Книга: Поднятая целина
Назад: 26
Дальше: 28

27

Ночью сквозь сон Яков Лукич слышал шаги, возню возле калитки и никак не мог проснуться. И когда с усилием оторвался от сна, уже въяве услышал, как заскрипела доска забора под тяжестью чьего-то тела и словно бы звякнуло что-то металлическое. Торопливо подойдя к окну, Яков Лукич приник к оконному глазку, всмотрелся, — в предрассветной глубокой темени увидел, как через забор махнул кто-то большой, грузный (слышен был тяжкий звук прыжка). По белевшей в ночи папахе угадал Половцева. Накинул пиджак, снял с печи валенки, вышел. Половцев уже ввел в калитку коня, запер ворота на засов. Яков Лукич принял из рук его поводья. Конь был мокр по самую холку, хрипел нутром и качался. Половцев, не ответив на приветствие, хриплым шепотом спросил:
— Этот… Лятьевский тут?
— Спят. Беда с ними… водочку все выпивали за это время…
— Черт с ним! Сволочь… Коня я, кажется, перегнал…
Голос Половцева был неузнаваемо тих, в нем почудились Якову Лукичу какая-то надорванность, большая тревога и усталь…
В горенке Половцев снял сапоги, из седельной сумы вынул казачьи синие с лампасами шаровары, надел, а свои, мокрые по самый высокий простроченный пояс, повесил над лежанкой просушить.

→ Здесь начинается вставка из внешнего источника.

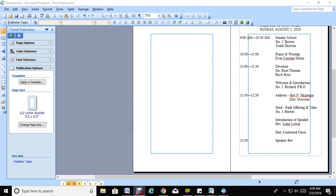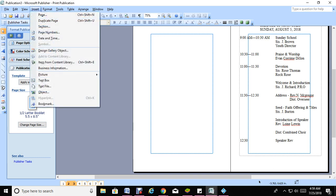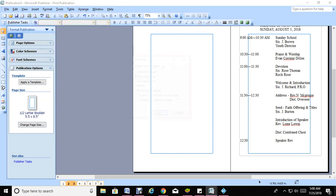If you want to insert some additional pages, all you need to do is go to Insert at the top there. You will see pages or duplicate - just simply click on page.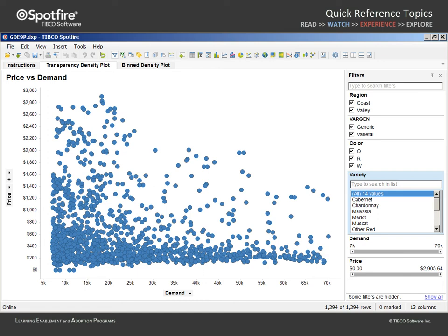In this example, a scatterplot has been configured to show the distribution of price versus demand for wine grapes. On this page, we will adjust the transparency of markers in an effort to more closely examine the density of data in these two dimensions.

Яков Лукич стоял у притолоки, следил за неторопливыми движениями своего начальника; тот присел на лежанку, обхватил руками колени, грея голые подошвы, на минуту дремотно застыл. Ему, видимо, смертно хотелось спать, но он с усилием открыл глаза, долго смотрел на Лятьевского, спавшего непросыпным пьяным сном, спросил:
— Давно пьет?
— Спервоначалу. Дюже зашибает! Мне ажник неловко перед людьми… Кажин день приходится водку тягать… Подозрить могут.
— Сволочь! — не разжимая зубов, с великим презрением процедил Половцев. И снова задремал сидя, покачивая большой седеющей головой.

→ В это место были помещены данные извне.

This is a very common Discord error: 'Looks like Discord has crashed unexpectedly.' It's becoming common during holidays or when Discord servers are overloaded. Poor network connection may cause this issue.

Но через несколько минут темного наплывного сна вздрогнул, спустил с лежанки ноги, открыл глаза.
— Трое суток не спал… речки играют. Через вашу, гремяченскую, вплынь перебрался.
— Вы бы прилегли, Александр Анисимыч.
— Лягу. Дай табаку. Я свой намочил.
После двух жадных затяжек Половцев оживился. Из глаз его исчезла сонная наволочь, голос окреп.
— Ну, как дела тут?
Яков Лукич коротко рассказал; спросил в свою очередь:
— А какие ваши успехи? Скоро?
— На этих днях или… вовсе не начнем. Завтра ночью поедем с тобой в Войсковой. Надо поднимать оттуда. Ближе к станице. Там сейчас агитколонна. С нее будем пробовать. А ты мне в этой поездке необходим. Тебя там знают казаки, твое слово их воодушевит. — Половцев помолчал, долго и нежно гладил своей большой ладонью вскочившего ему на колени черного кота, потом зашептал, и в голосе его зазвучали несвойственные ему теплота, ласка: — Кисынька! Кисочка! Котик! Ко-ти-ще! Да какой же ты вороной! Люблю я, Лукич, кошек! Лошадь и кошка — самые чистоплотные животные… У меня дома был сибирский кот, огромный, пушистый… Постоянно спал со мной… Масти этакой… — Половцев задумчиво сощурил глаза, улыбнулся и пошевелил пальцами, — этакой дымчато-серой с белыми плешинами. За-ме-ча-тель-ный кот был. А ты, Лукич, не любишь кошек? Вот собак я не люблю, ненавижу собак! Знаешь, у меня в детстве был такой случай, мне было тогда, наверное, лет восемь. У нас был щеночек маленький, я с ним как-то играл, как видно, больно ему сделал. Он меня и цапнул: за палец, до крови прокусил. Я разъярился, схватил хворостину и стал его пороть. Он бежит, а я догоняю и порю, порю с… прямо-таки с наслаждением! Он — под амбар, я — за ним, он — под крыльцо, но я его и оттуда достану и все бью его, бью. И до того засек, что он весь обмочился и уже, знаешь, не визжит, а хрипит да всхлипывает… И вот тогда я взял его на руки… — Половцев улыбнулся как-то виновато, смущенно, одною стороною рта. — Взял да так разревелся сам от жалости к нему, что у меня сердце зашлось. Судороги тогда со мной сделались… Мать прибежала, а я рядом со щенком лежу возле каретника на земле и ногами сучу… С той поры не переношу собак. А вот кошек чертовски люблю. И детей. Маленьких. Очень люблю, даже как-то болезненно. Детских слез не могу слышать, все во мне переворачивается… А ты старик, кошек любишь или нет?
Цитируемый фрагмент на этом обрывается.